● **What is expected**:
Your answer must be the records below, repeated exactly, with every picture left out.

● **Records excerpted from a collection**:
-.-.-

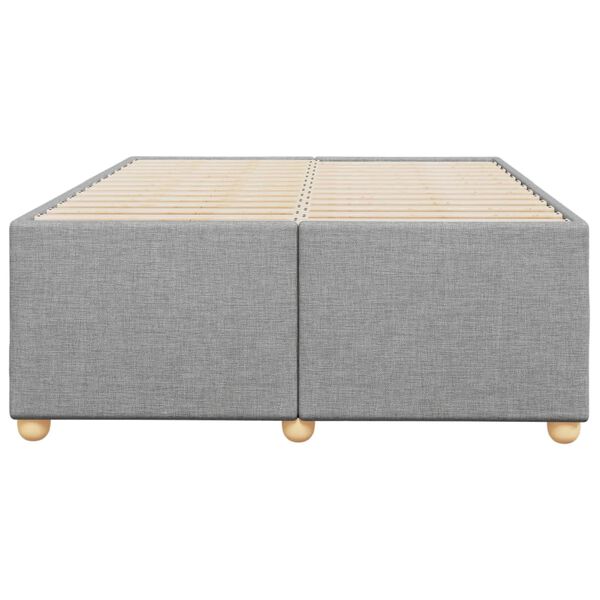 vidaXL Posteľ bez matraca svetlosivý 120x190 cm látka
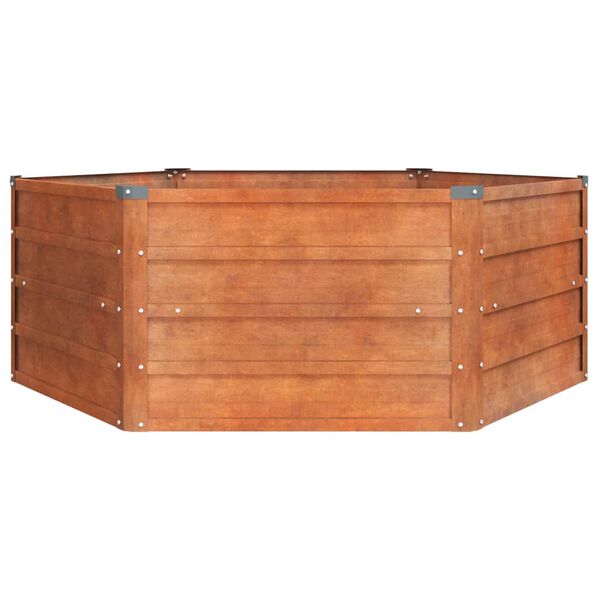Højbed 129x129x45 cm cortenstål rustfarvet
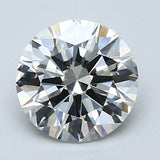 2 Carat Round - Natural Diamond - 2.01 - J - VS1 - EX - EX - EX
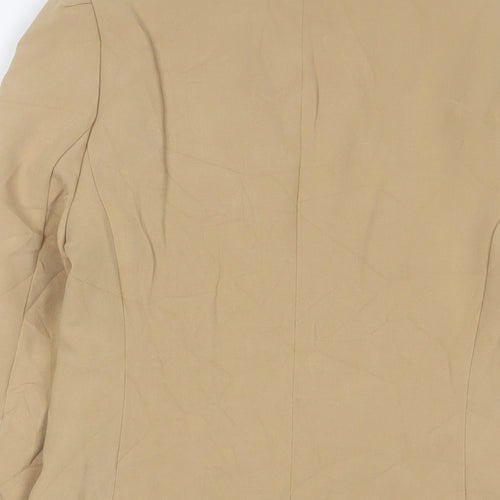 NEXT Womens Beige Jacket Blazer Size 8 Button
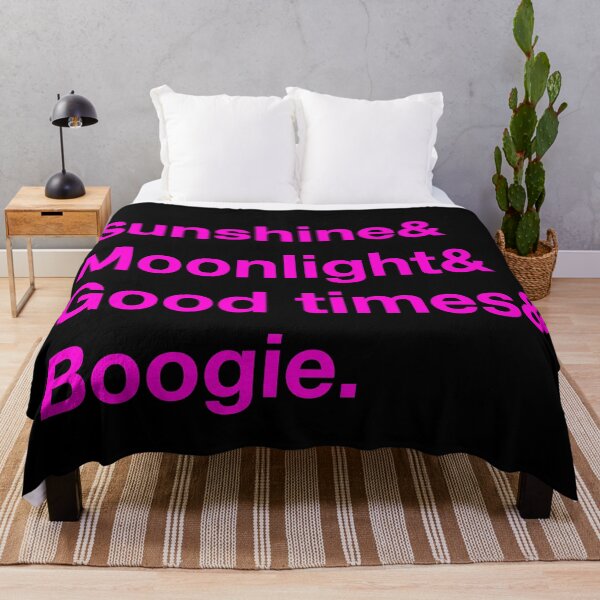 Item preview, Sunshine, Moonlight, Good times, Boogie. (Pink text) designed and sold by Playsuit-Life.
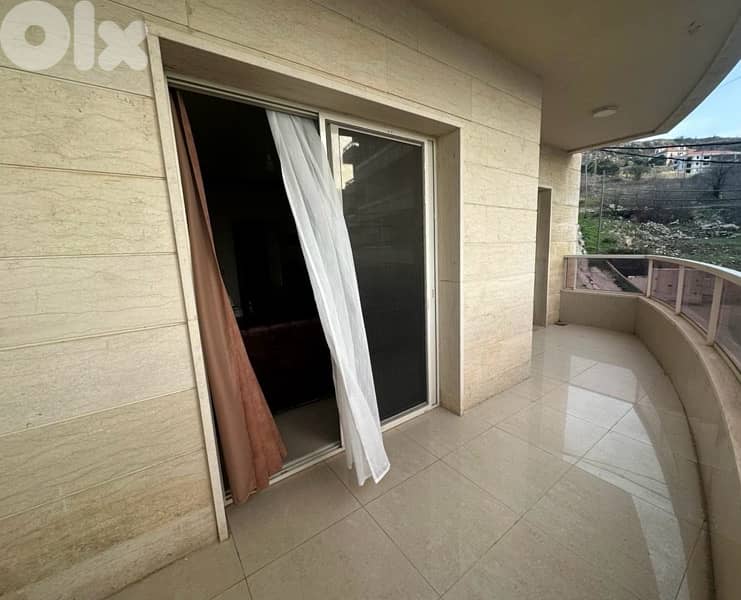 New Building 120m 2Bedroom+Parking Bhamdoun Village Abo Gaby Restaurnt 0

-.-.-

● **Task output**:
 vidaXL Posteľ bez matraca svetlosivý 120x190 cm látka
Højbed 129x129x45 cm cortenstål rustfarvet
 2 Carat Round - Natural Diamond - 2.01 - J - VS1 - EX - EX - EX
 NEXT Womens Beige Jacket Blazer Size 8 Button
 Item preview, Sunshine, Moonlight, Good times, Boogie. (Pink text) designed and sold by Playsuit-Life.
 New Building 120m 2Bedroom+Parking Bhamdoun Village Abo Gaby Restaurnt 0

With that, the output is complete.